DATA FOR PROCESSING

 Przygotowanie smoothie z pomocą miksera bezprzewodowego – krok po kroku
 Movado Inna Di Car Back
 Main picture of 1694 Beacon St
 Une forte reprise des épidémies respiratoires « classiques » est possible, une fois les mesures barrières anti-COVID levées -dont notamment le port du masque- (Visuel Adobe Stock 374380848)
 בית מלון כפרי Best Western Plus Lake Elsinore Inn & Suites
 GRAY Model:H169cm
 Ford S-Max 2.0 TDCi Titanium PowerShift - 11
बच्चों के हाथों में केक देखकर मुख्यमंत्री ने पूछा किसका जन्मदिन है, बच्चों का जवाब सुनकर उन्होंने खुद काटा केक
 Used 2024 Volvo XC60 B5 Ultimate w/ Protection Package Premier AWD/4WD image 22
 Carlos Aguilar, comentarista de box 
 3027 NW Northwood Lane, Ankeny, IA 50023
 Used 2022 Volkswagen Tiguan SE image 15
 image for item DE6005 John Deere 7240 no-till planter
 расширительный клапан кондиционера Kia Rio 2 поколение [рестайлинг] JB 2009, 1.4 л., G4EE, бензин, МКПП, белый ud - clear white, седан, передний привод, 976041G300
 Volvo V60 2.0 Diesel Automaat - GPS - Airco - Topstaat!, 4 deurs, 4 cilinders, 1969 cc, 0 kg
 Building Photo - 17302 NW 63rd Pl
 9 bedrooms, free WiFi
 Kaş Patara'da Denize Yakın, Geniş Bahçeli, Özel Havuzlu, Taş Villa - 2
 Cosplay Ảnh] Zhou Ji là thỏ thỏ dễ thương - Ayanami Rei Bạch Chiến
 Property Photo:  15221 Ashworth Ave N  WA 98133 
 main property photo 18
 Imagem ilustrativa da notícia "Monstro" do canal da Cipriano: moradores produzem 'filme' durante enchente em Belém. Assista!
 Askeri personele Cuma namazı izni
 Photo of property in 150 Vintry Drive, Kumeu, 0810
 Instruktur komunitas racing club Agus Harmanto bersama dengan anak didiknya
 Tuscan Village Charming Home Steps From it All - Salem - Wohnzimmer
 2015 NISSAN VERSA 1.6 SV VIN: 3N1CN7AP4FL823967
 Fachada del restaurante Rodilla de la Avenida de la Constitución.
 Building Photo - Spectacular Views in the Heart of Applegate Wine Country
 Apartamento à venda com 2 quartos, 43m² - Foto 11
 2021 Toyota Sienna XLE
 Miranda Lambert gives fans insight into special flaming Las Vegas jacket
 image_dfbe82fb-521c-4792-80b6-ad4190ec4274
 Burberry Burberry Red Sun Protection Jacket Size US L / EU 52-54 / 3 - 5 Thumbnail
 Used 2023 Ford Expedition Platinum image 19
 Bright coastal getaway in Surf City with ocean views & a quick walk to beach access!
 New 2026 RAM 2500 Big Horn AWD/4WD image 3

WHAT IS NEEDED
A complete answer gives every line of the records holding "Protection".

SOLUTION
 Used 2024 Volvo XC60 B5 Ultimate w/ Protection Package Premier AWD/4WD image 22
 Burberry Burberry Red Sun Protection Jacket Size US L / EU 52-54 / 3 - 5 Thumbnail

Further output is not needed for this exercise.